Adam, a project team leader we’ve known for years, is so concerned with being clear about the decision style his Six Sigma team will be using for different issues that he makes a chart. This allows the team to see which decisions he intends to make himself, which will be delegated, which will be consultative and who will be consulted, and which need to be made by the group. He uses the Checklist: Selecting a Decision-Making Approach with the group and records each team member’s preferences for the approach to a particular decision item.
Adam started this practice after a number of difficult project meetings in which nothing seemed to be getting done. Finally, his team decided to enlighten him on why things were getting stalled, and told him that he wasn’t listening to them. Adam was flabbergasted. He had always prided himself on listening carefully to the evidence presented before making a decision.
The problem was, Adam was making consultative decisions (listening to each argument, then making the decision himself) while his team thought they were making consensus decisions. (Please see Notes: Making Project Team Decisions Through Consensus.) As a result, the team was confused about what had been decided vs. what was still under discussion, and they began to get annoyed about what appeared to be Adam’s high-handed attitude.

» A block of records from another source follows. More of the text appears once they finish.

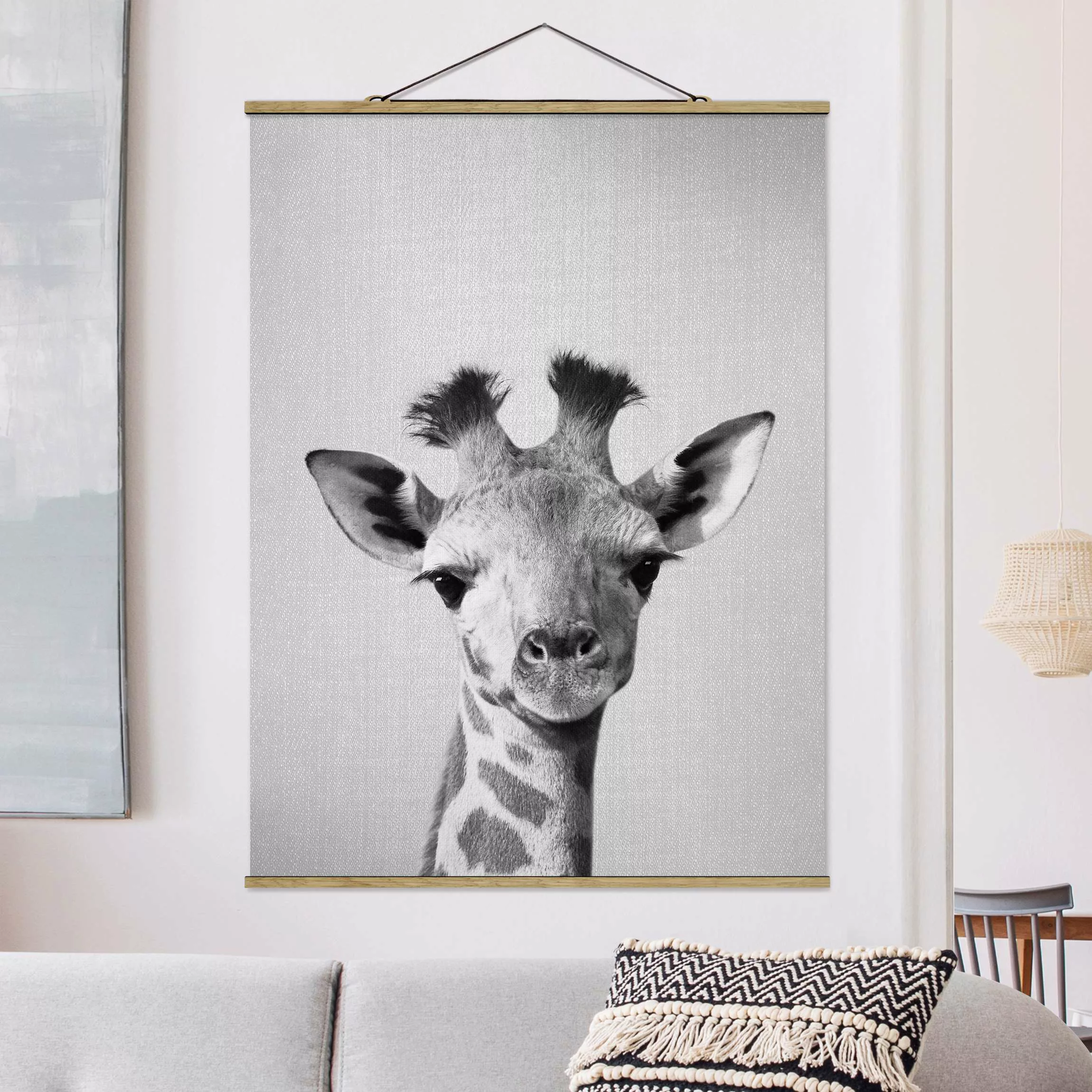 Stoffbild mit Posterleisten Baby Giraffe Gandalf Schwarz Weiß günstig online kaufen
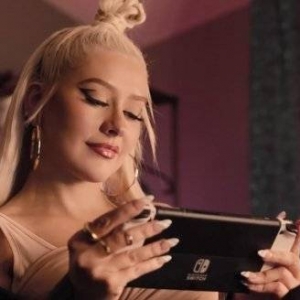 Switch广告女星试玩《宝可梦：阿尔宙斯》：实在太棒了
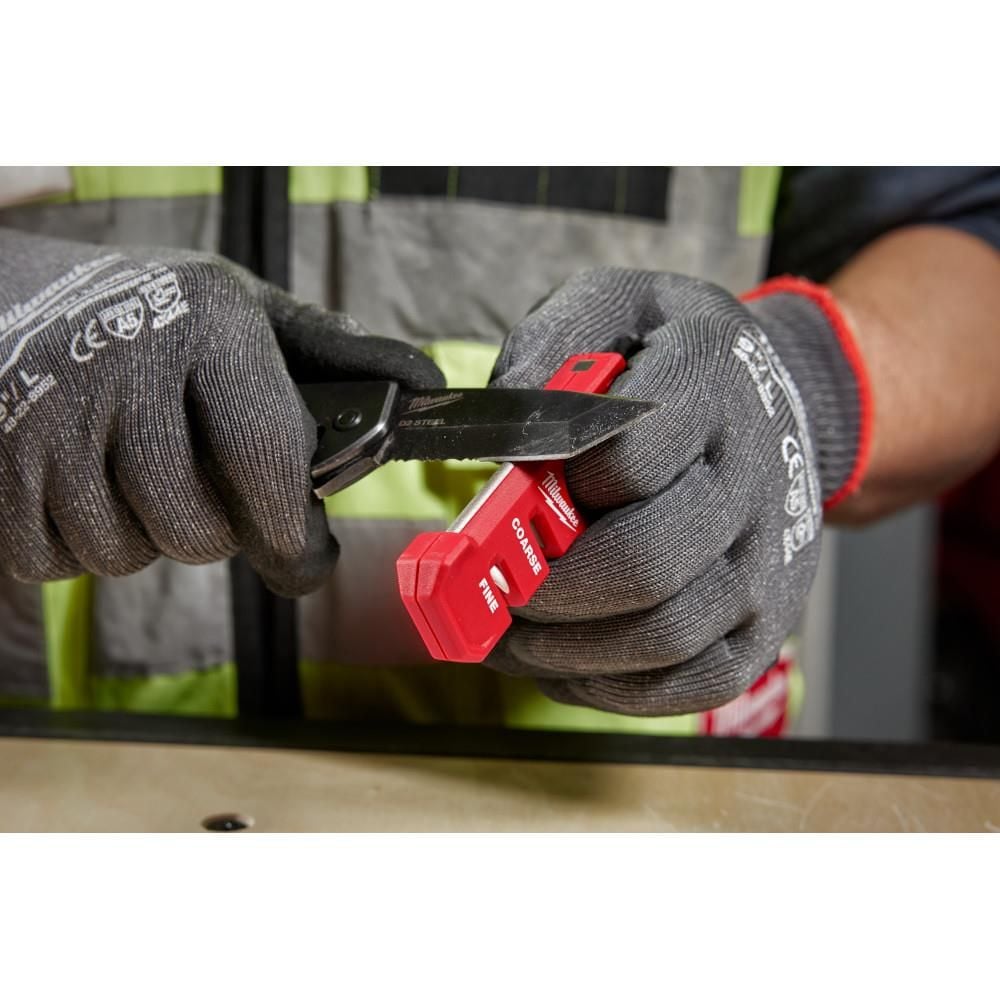 Milwaukee Compact Knife Sharpener, large image number 8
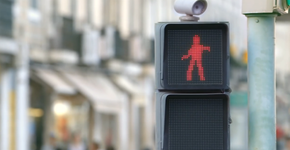 Campanha põe pedestres para dançar no semáforo vermelho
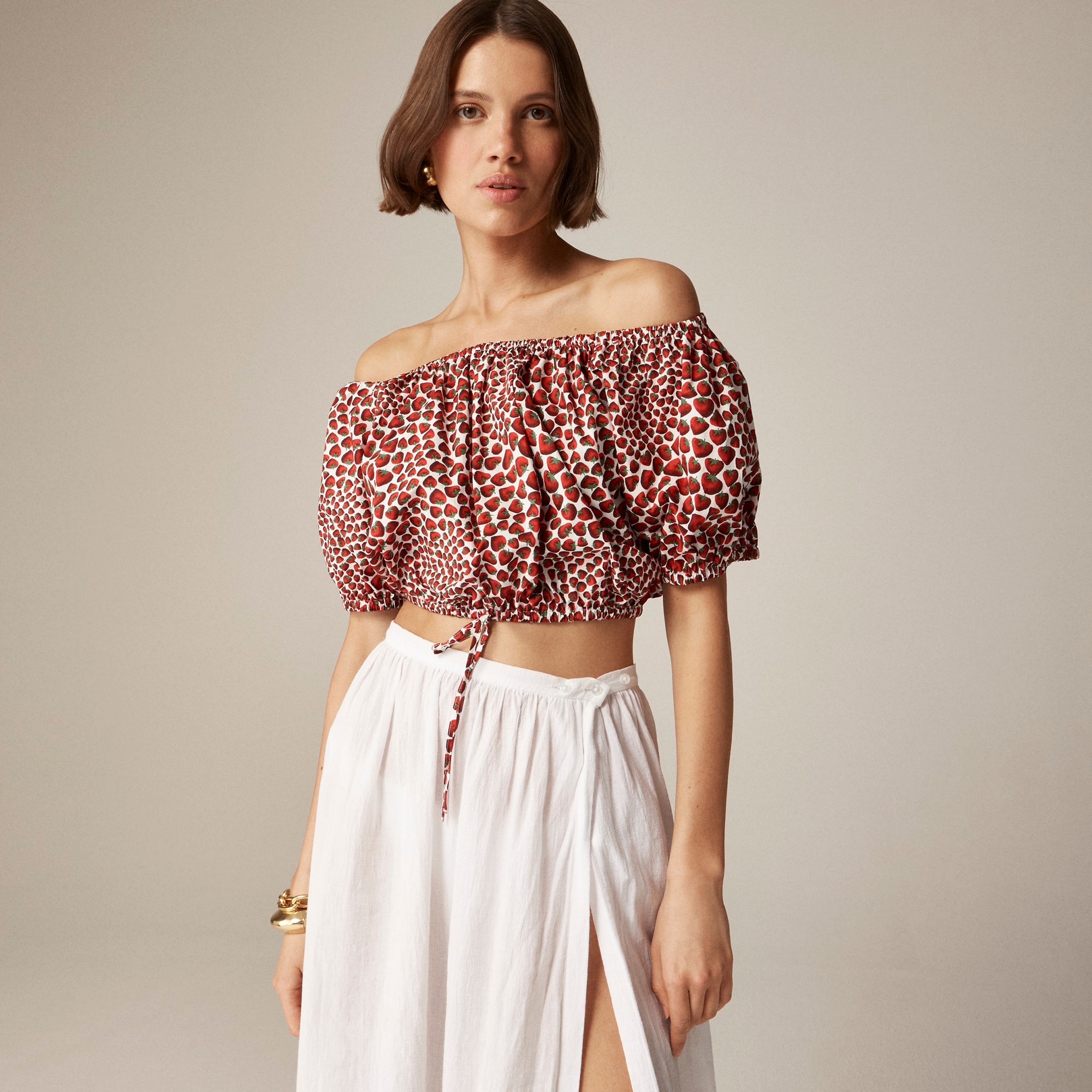 womens Cinched-waist cropped top in strawberry swirl cotton poplin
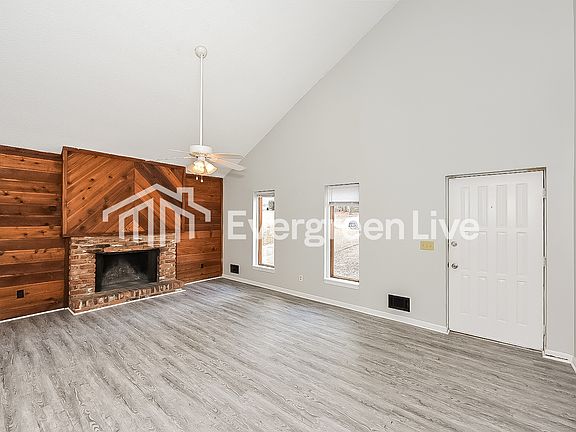 2nd image of 411 Grantham Rd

After giving Adam feedback on his decision-making approach, the team went through the checklists for some of their pending and recent decisions. As it turned out, a consultative style was perfectly appropriate for most of the decisions Adam was making, and the team was happy to operate that way once the decision-making strategy was clear. Adam’s approach allowed the team to spend less time on less critical decisions, and reinforced the importance of allowing lots of time for those decisions for which a true consensus was needed.